# Palm Pilot



## TallAdam85 (Dec 27, 2003)

Hello I seen some good sales on palm pilito and have been thinking of maybe getting one. If you have one how often do you use it and how much did u pay. Also what are some good models the ones i seen where some good brands but most where ones i never heard of 


thanks


----------



## arnisador (Dec 27, 2003)

My wife has the m105 (no longer being made) and likes it.


----------



## Michael Billings (Dec 27, 2003)

Not a new cool color, picture taking, email using, telephone one.  But lots of memory for what it does.  I use the calendar to schedule intro lessons, classes, appointments and don't have to be at the school to do it, better and more convenient than carrying around a date book, especially when I keep my students, martial arts friends, business associates (several catagories) and other stuff handy.

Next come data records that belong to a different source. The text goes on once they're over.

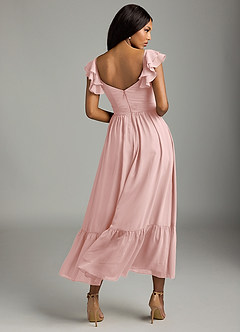 Azazie Anaya Bridesmaid Dresses Powder Pink A-Line Sweetheart Neckline Chiffon Dress image5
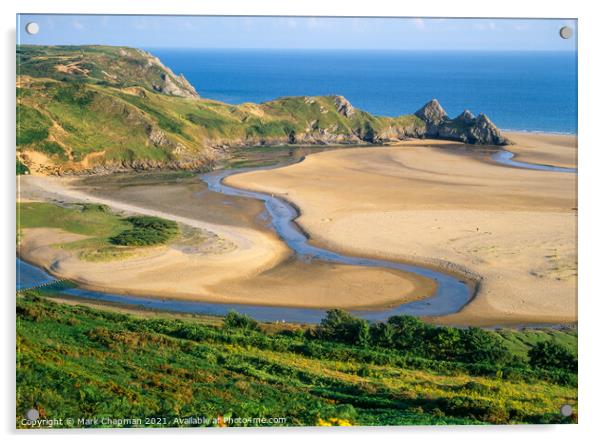 Three Cliffs Bay beach, The Gower, Wales Acrylic by Photimageon UK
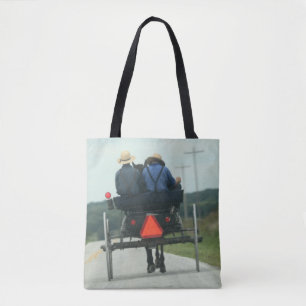 Amish guys tote bag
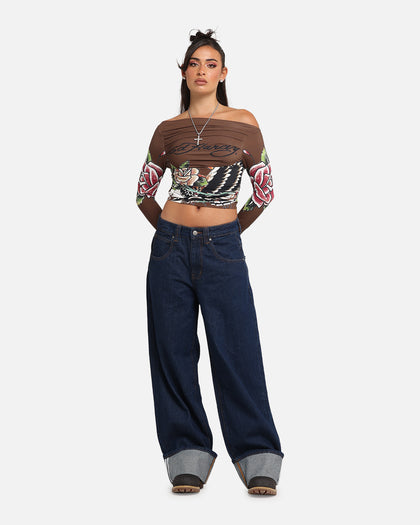 Ed Hardy Women's Eagle Long Sleeve T-Shirt Brown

Never thought I would use one, now I am ready to never do without.

-Michael


----------



## Cthulhu (Jan 7, 2004)

I've owned a PalmOS-based device (Handspring Visor Deluxe) and currently own a PocketPC-based device (Toshiba e740).

The current run of Palms on the market are significant improvements over the Palms from the m105 timeframe, for the most part.  The Zire, Zire SE, and Zire 21 are pretty worthless in my opinion.  The Tungsten E is nice, but has some disadvantages compared to its more expensive siblings.  However, it does have a good resolution, color screen, plenty of RAM, current PalmOS, and expansion capability.  A comparable device from another company would be the Sony Clie J22.   The Sony is actually a little cheaper than the Tungsten E.

After that, you get into devices with wireless connectivity, built-in cameras, etc. that make the prices jump up to around the $400 range.

Cthulhu


----------



## Dronak (Jun 8, 2004)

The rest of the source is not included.